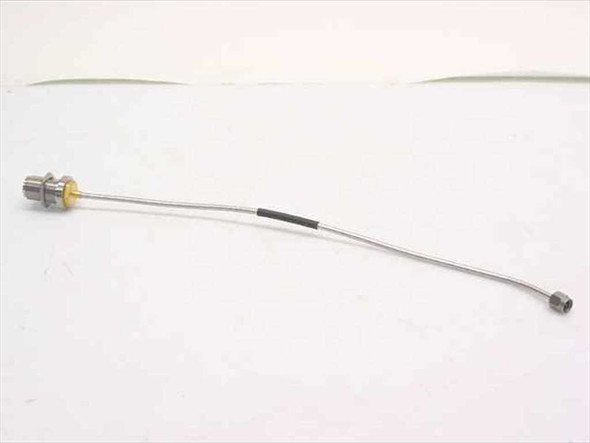 Semi-rigid coaxial cable approximately 11 inches long with N-Female bulkhead connector at left end and SMA-Male connector at right end – full length side view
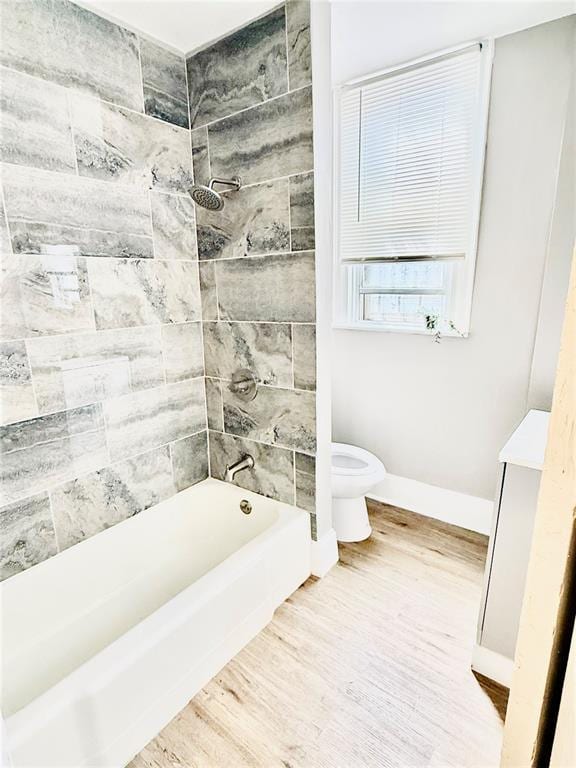 full bath with toilet, wood finished floors, baseboards, and shower / bathtub combination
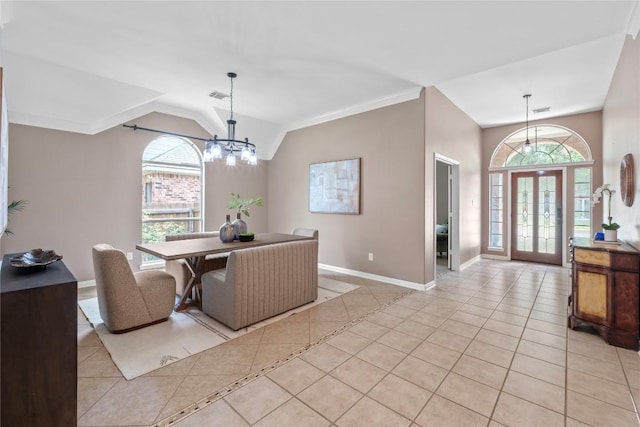 2415 Arbor Dr, Round Rock, TX 78681 - dining space featuring light tile patterned floors, baseboards, a chandelier, vaulted ceiling, and ornamental molding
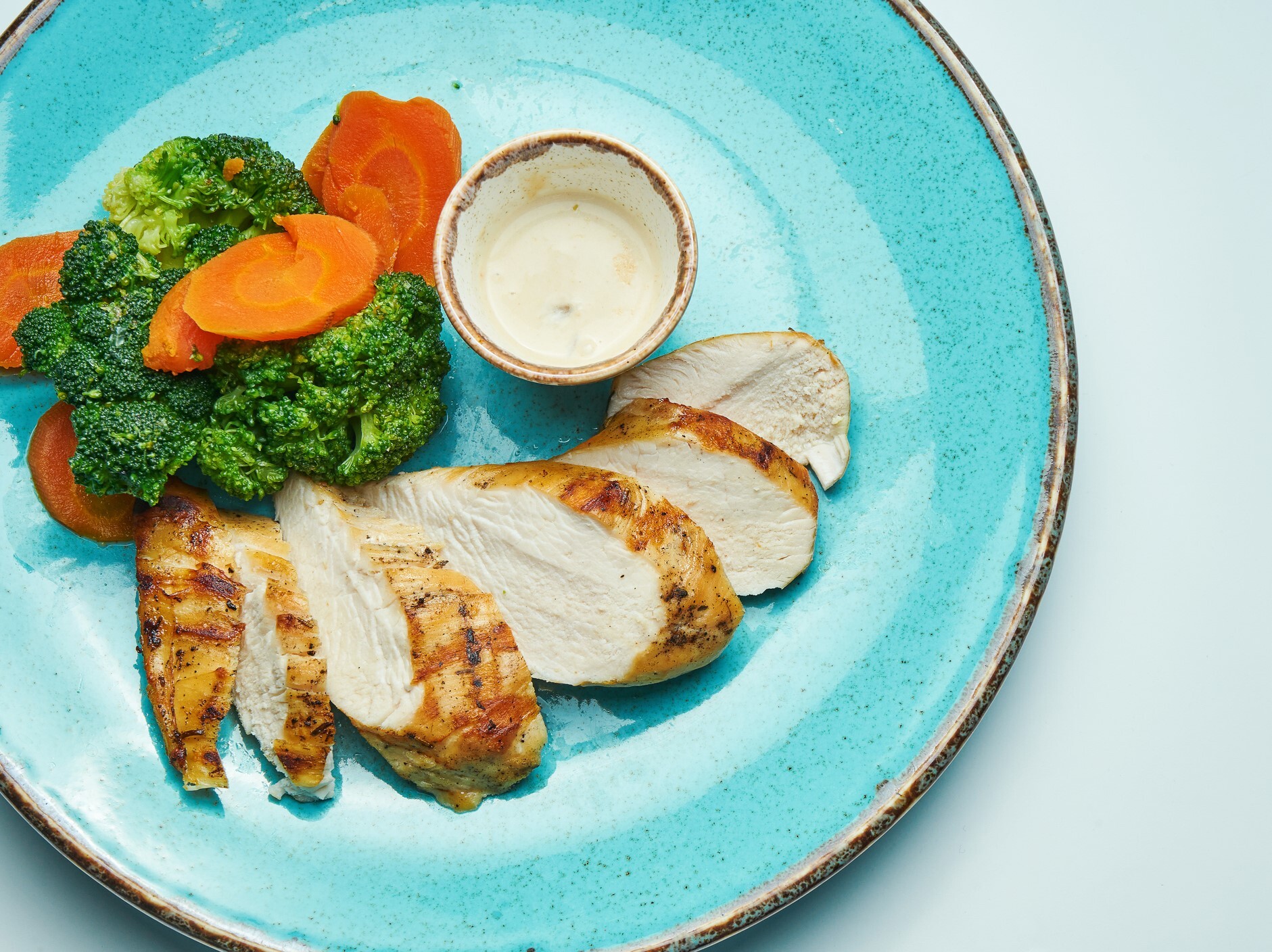 grilled chicken, broccoli, and carrots nicely arranged on a blue plate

▶ _Your assignment_: Print, exactly and only, the lines running from the line with "2415 Arbor Dr, Round" through the last line of the data, including both. Skip any picture.

▶ _Answer to this task_:
 2415 Arbor Dr, Round Rock, TX 78681 - dining space featuring light tile patterned floors, baseboards, a chandelier, vaulted ceiling, and ornamental molding
 grilled chicken, broccoli, and carrots nicely arranged on a blue plate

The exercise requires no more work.